South Dakota: Superpower

Mar 28, 2017

The Minuteman Missile National Historic Site is a reminder of the weapons that dotted the West River landscape during the Cold War.

I’m the product of a Cold War childhood. The realization hit me while visiting several Minuteman missile sites scattered around West River. All sorts of memories flooded my mind: duck and cover drills, grade school lectures about Communism, wishing my family had a bomb shelter — not because I feared attack but because entertaining friends in a bomb shelter sounded cool.

And then there was Ann, my neighbor and fourth grade classmate, blonde and remarkably long-armed. What I remember best about Ann is her smiling and kind face, which, for me, was the very face of the Cold War.

Let me explain. Ann’s family, like mine, lived in St. Paul in the early 1960s. My family moved there from Iowa while hers originally hailed from one of the Soviet states. With her long arms, she threw a baseball harder than any other kid I knew, not that she cared about the sport itself or could identify Killebrew from Khrushchev. But she played a good game of catch and her delivery turned my fingers purple through my mitt’s thick leather. I don’t recall her last name or, actually, her first. Ann was short for something she decided her American peers only mangled. Sometimes I saw her around the neighborhood with her father, so I recognized him one winter afternoon as he stepped into a barbershop where I waited my turn. Ann’s father and the barber started needling one another in friendly fashion, something that sounded like a regular routine between them. Americans, I recall Ann’s dad declaring, liked their candies too sweet and their beers too sparkly. And even Minnesotans had no idea what a real winter — a Russian winter — felt like.
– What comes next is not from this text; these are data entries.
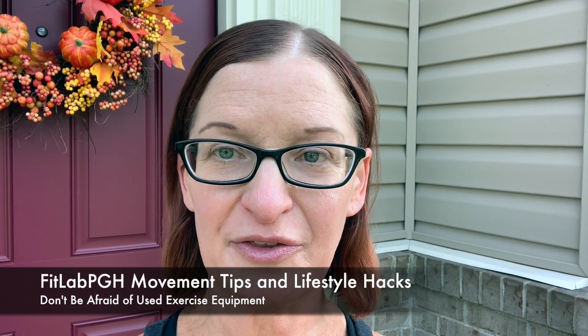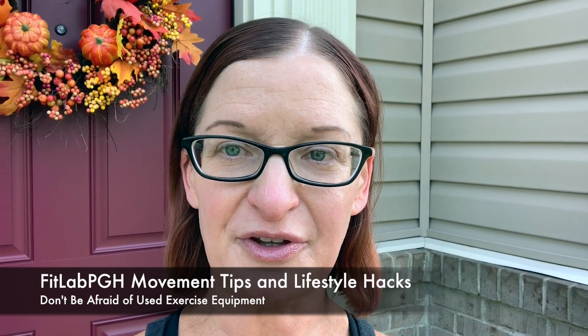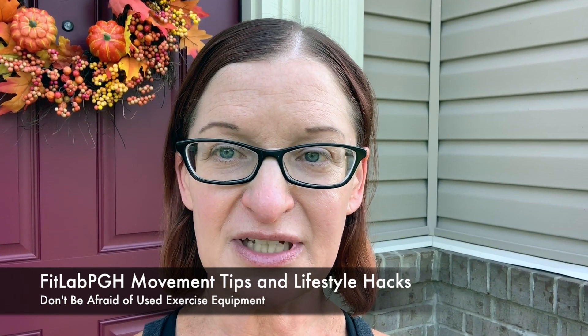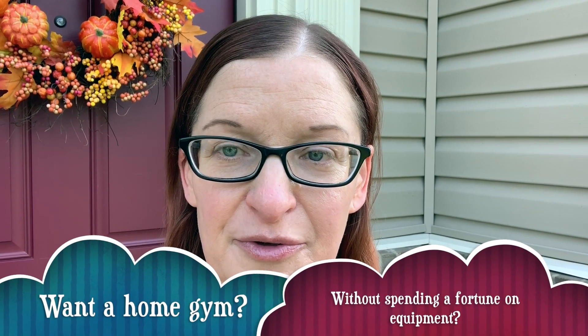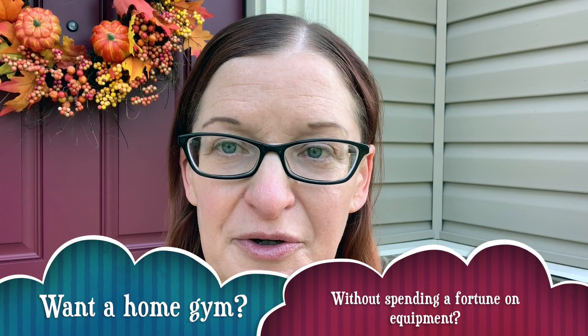FitLab Pittsburgh podcast back with another September lifestyle hack. Today's tip: don't be afraid of used exercise equipment. For a lot of us time is tight, and it's easy to get a workout in if you've got the tools at your disposal — you can do it on your schedule. But exercise equipment, as we know, can be very expensive.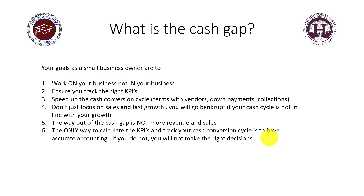Number four: don't just focus on sales and fast growth. Entrepreneurs love growth, but if that's all you focus on — letting collections and vendor payment terms fall to the side — you will go bankrupt. If your cash cycle is not in line with your growth, meaning you're growing too fast without collecting fast enough, you will run out of money. I've seen it happen plenty of times: great product, great service, growing fast, but they simply run out of money.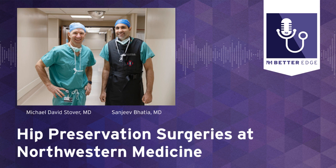For more information, please visit our website at breakthroughsforphysicians.nm.org/orthopedics. You can also go to nm.org/joint-preservation. That concludes this episode of Better Edge, a Northwestern Medicine podcast for physicians. I'm Melanie Cole. Thanks so much for joining us today.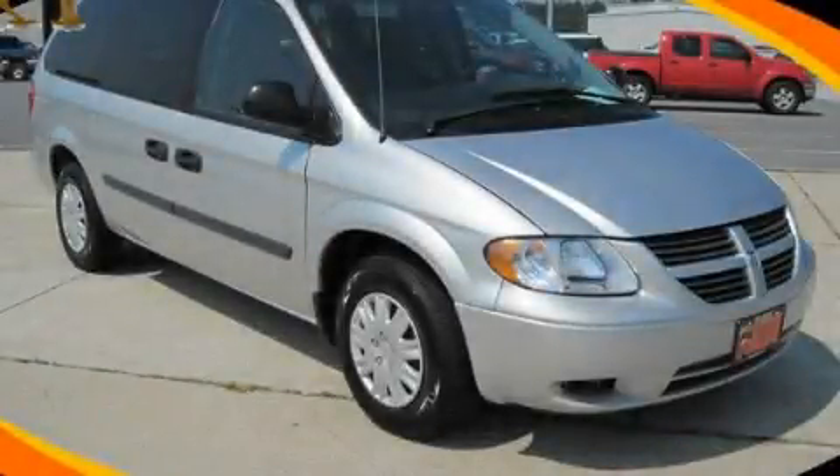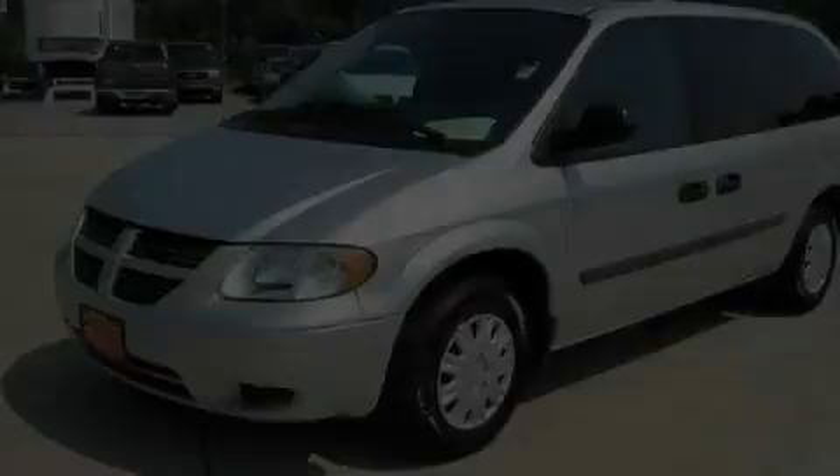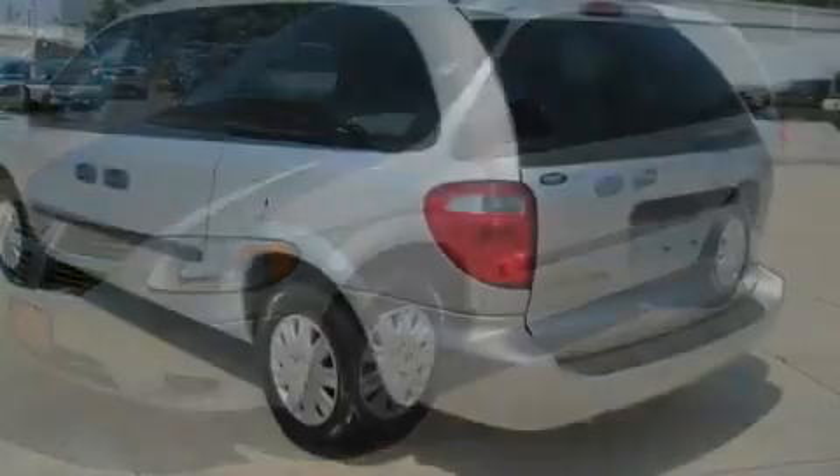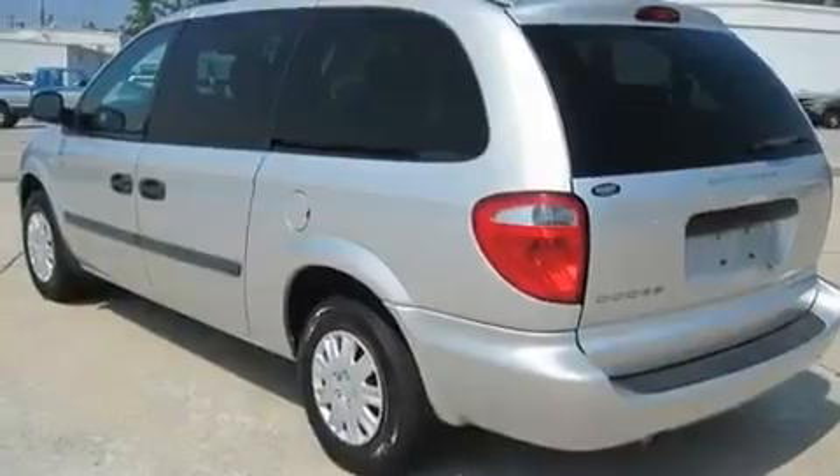This is a 2006 Dodge Grand Caravan, the vehicle with enough space for you and yours. It features a 3.3-liter, six-cylinder engine and a four-speed automatic transmission.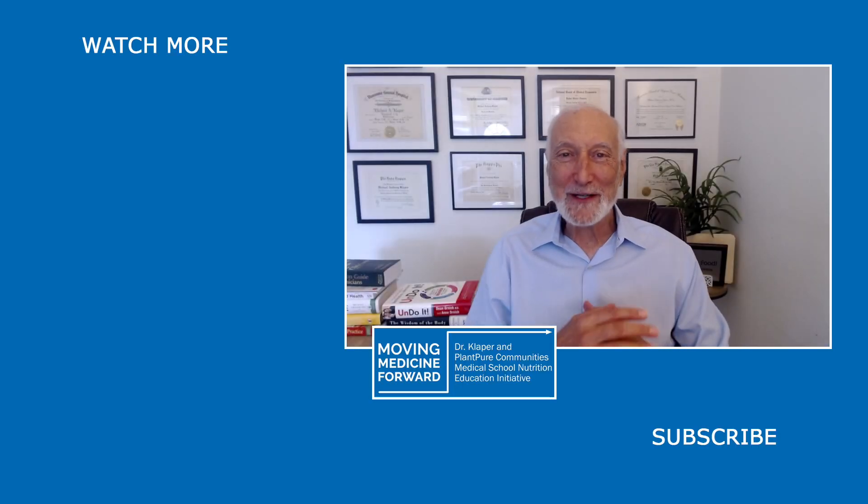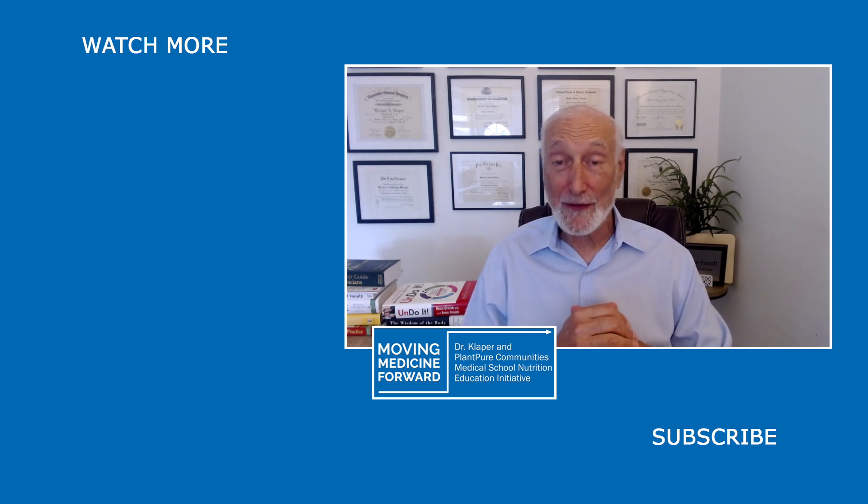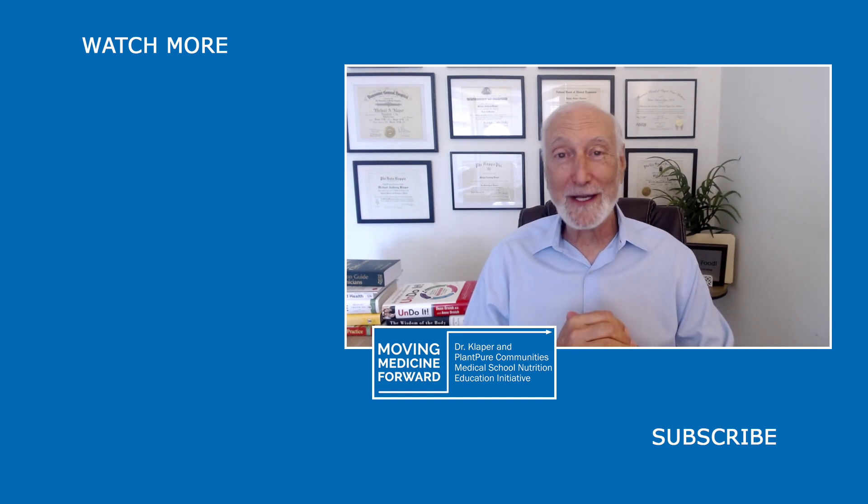Hi everyone, Dr. Michael Klaper here, announcing our new format for our Q&A with Dr. K. Each day, Annie Hagan will be asking me one question that's been sent in by our viewers. So if you want to see if your question is getting answered, do join us for our daily Q&A with Dr. K right here. Hope to see you then.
“Soft,” he said. “I hate the Soviet government but I fear America is too soft to resist it. Especially Russian women are tough. They alone could defeat America.”

For a while that remark shaped my thinking of a potential U.S.-Soviet war. I imagined full-grown, strong-armed Anns marching out of the north, scoffing at the Minnesota winter, tossing grenades with tremendous force.

I first heard of the Cold War a couple years earlier when my family still lived in Iowa. From a dark field west of Indianola one night, in the company of several other families, we waited for a freshly launched American satellite to pass over. I think maybe I saw it, but there were lots of twinkling lights up there. The next day my second grade teacher explained why that satellite was important. If the United States fell behind Russia in space and elsewhere, she said, we would end up living under Communism. Many of my classmates were farm kids and this teacher hit a nerve when she defined Communism as a way of life where you might still live and work on a farm, but Mom and Dad wouldn’t own the farm or tractors or crops or livestock. (Though Communism never reached Iowa, I remembered her remarks decades later when I read about Iowa farm families going to work for corporate agricultural operations.)

Not long after we watched the satellite, my family moved to St. Paul, just in time for the Cuban missile crisis and duck-and-cover drills at school. When a drill began, each student was issued a laminated nametag. The lamination, we grade schoolers whispered in awed tones, was so the tags would survive and our charred bones could be identified after a Russian attack. No one hassled Ann about her heritage. She was one of us as she took her tag and ducked and covered out in the school hallway, under the coat racks.

It wasn’t until after my family moved to South Dakota, the very year many of the Minuteman missiles were being lowered into West River silos, that I learned the truth about a potential U.S.-Soviet hot war. There wouldn’t be any grenade-tossing Russian women but instead rockets delivering heat no laminated nametag could survive. And because there were 150 American missiles in western South Dakota each aimed at a Soviet target, we would be hit early. I’d be vaporized before my former St. Paul classmates lined up to duck and cover, and no one, Communist or free, would farm our radioactive fields for a long while.

Strangely, none of that troubled me. Mostly I just put it out of my head as I think most South Dakotans did. Or we joked about our state ranking among the top seven nuclear powers on earth, or took genuine patriotic pride in serving on the front line of an unusual war. And I knew people who adamantly believed living amid missiles was a small price to pay for the dependable, affordable electrical service their maintenance guaranteed. One thing for sure — maybe we liked our candies sweet and our beers sparkly, like other Americans. But living in western South Dakota, where nuclear warheads literally outnumbered towns, we never heard anyone say we weren’t tough.